JENNY MC CARTHY



01. 'Wet Sand, Ventry Beach II'

-oil on canvas-
40cm x 50cm
950 euro (framed)

 

 


02. 'Wet Sand, Ventry Beach I'
-oil on canvas-
60cm x 70cm
1,400 euro (framed)

 

 

 

 

 

 

Exploring Jenny McCarthy's work is a step into art history. This Kerry based artist is self-taught. Her portfolio of her work explores a plethora of subjects; nudes, portraits, equestrian paintings, a series completed on the Armada, and Ventry landscapes. Her work does not hesitate to explore tenacious stylistic movements from abstraction to Cubism. Instead it provides the viewer and collector a choice of diverse styles, colours, psychologies and compositional ranges.Embracing everything which surrounds her, this only serves to highlight her strength and evolution as an artist.

Her distinction is also evident through the variety of media in which she works including oils, water colours, pastel, stained glass, pen, ink and pencil.

Initially from Limerick, McCarthy comes from a family of artists, fashion designers and goldsmiths. Jenny won the 1990 AIB Limerick - Young Artist of the Year Award (not open to professioanal artists). This was followed by the AIB Limerick Student Art Award when the prize was a day in Tony O'Malley's (RHA) studio which further inspired her contemporary abstract art.

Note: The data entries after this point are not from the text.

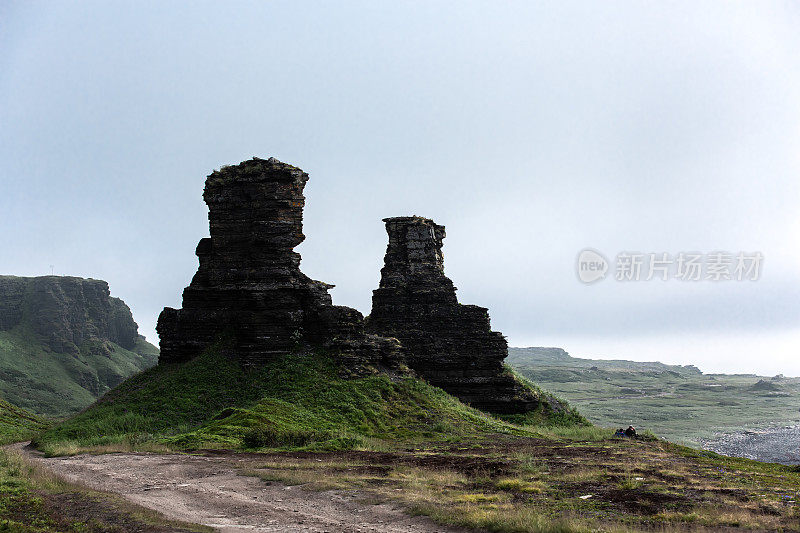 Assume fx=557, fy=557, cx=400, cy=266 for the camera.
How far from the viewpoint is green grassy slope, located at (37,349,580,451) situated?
111 ft

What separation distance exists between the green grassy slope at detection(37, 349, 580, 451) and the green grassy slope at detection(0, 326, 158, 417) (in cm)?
10813

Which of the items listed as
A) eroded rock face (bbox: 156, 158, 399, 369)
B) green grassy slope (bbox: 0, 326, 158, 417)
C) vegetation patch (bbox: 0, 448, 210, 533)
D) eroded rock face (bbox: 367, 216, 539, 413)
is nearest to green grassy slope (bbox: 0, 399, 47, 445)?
eroded rock face (bbox: 156, 158, 399, 369)

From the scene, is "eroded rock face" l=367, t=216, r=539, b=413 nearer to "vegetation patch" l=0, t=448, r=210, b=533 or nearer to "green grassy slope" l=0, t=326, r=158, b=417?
"vegetation patch" l=0, t=448, r=210, b=533

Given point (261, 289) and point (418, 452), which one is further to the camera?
point (261, 289)

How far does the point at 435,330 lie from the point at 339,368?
59.7ft

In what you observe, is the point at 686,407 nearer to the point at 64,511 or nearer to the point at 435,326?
the point at 435,326

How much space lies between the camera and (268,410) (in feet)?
124

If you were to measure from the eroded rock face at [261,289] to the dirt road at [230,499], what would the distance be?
71.0ft

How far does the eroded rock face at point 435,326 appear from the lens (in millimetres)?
59406

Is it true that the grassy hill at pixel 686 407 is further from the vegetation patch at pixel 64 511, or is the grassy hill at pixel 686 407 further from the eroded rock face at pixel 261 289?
the vegetation patch at pixel 64 511

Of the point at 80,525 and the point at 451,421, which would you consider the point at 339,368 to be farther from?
the point at 80,525

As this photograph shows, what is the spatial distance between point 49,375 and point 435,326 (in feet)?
480

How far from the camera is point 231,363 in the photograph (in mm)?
46031

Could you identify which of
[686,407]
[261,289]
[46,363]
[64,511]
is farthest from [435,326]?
[46,363] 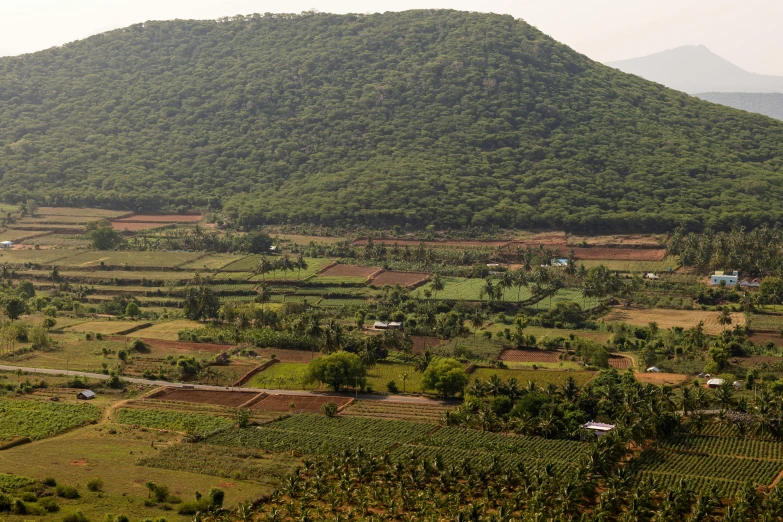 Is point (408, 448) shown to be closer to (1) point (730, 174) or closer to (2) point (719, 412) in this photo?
(2) point (719, 412)

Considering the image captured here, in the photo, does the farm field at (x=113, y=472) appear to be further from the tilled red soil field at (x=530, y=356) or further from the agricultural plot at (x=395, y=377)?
the tilled red soil field at (x=530, y=356)

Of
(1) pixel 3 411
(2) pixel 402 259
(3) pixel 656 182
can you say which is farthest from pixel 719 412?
(3) pixel 656 182

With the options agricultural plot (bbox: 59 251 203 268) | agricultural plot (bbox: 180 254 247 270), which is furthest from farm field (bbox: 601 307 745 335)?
agricultural plot (bbox: 59 251 203 268)

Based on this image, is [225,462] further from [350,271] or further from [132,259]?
[132,259]

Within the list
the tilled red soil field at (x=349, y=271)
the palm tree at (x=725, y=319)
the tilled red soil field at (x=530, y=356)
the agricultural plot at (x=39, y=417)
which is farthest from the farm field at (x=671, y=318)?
the agricultural plot at (x=39, y=417)

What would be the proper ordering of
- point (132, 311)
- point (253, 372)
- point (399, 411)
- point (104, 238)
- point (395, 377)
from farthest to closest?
1. point (104, 238)
2. point (132, 311)
3. point (253, 372)
4. point (395, 377)
5. point (399, 411)

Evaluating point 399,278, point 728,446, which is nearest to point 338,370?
point 728,446

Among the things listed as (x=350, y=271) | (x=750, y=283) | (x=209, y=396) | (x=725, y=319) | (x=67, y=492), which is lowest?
(x=209, y=396)

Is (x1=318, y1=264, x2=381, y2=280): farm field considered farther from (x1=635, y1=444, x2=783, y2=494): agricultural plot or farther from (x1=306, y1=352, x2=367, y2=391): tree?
(x1=635, y1=444, x2=783, y2=494): agricultural plot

There is a keen sense of meteorology in this collection. Her predominant medium is oils which she manipulates brilliantly, using large brush strokes to convey energy and movement. These paintings capture with insight and precision the effervescent light and the atmospheric effects of wind and rain. This landscape painter explodes the sky, making it a material part of the all over composition. The effects of the tumultuous weather in West Kerry are marvellously prominent. Paintings such as Blasket Islands from Clogher Beach, Ventry Beach, Sand Storm and Ventry Beach Storm Clouds are examples of the monochromatic weather effects around this part of the country.

Painted in dark and light tones, the drama is derived from the contrast of dark swirling masses of storm clouds which at times occupy a third of the paintings and the contrasting lucidity of the beach or water which appears in horizontal strips beneath. No figures disturb the sea or sky, and as a result there is grandeur of vision which transcends the medium, paving the way for total submersion into the painting. One feels the effects of rain on our face, the weaves of sand slithering across our feet. McCarthy's paintings are like osmosis absorbing the viewer into its realm, encapsulating our picture frame and although we view the storm from a distance, we still become part of its furore.
This was key in the work of Tony O'Malley to whom she looks for inspiration. It is as if she aims to find something beneath the external appearance of the landscape, a mode of representation which synthesises landscape and man. Different forms of Cubism have punctuated her paintings throughout the years.
Elements of George Braque find resonance in these paintings notably Ventry Beach Night Storm. In McCarthy's hand the elaborate ornamentation of Braque's Cubism is transformed into terse, simple abstraction. The best example of it is seen in Tearaght Island a monument of tectonic rigor and formal logic. Her use of colour is deeply contemplative, demanding a response from the viewer. Paired bands of colours build up in the background whilst she details a narrow delicate strip in the foreground. Her choice of colour ranges from seductively dark and portentous in the background, to fragile, and hopeful in the foreground.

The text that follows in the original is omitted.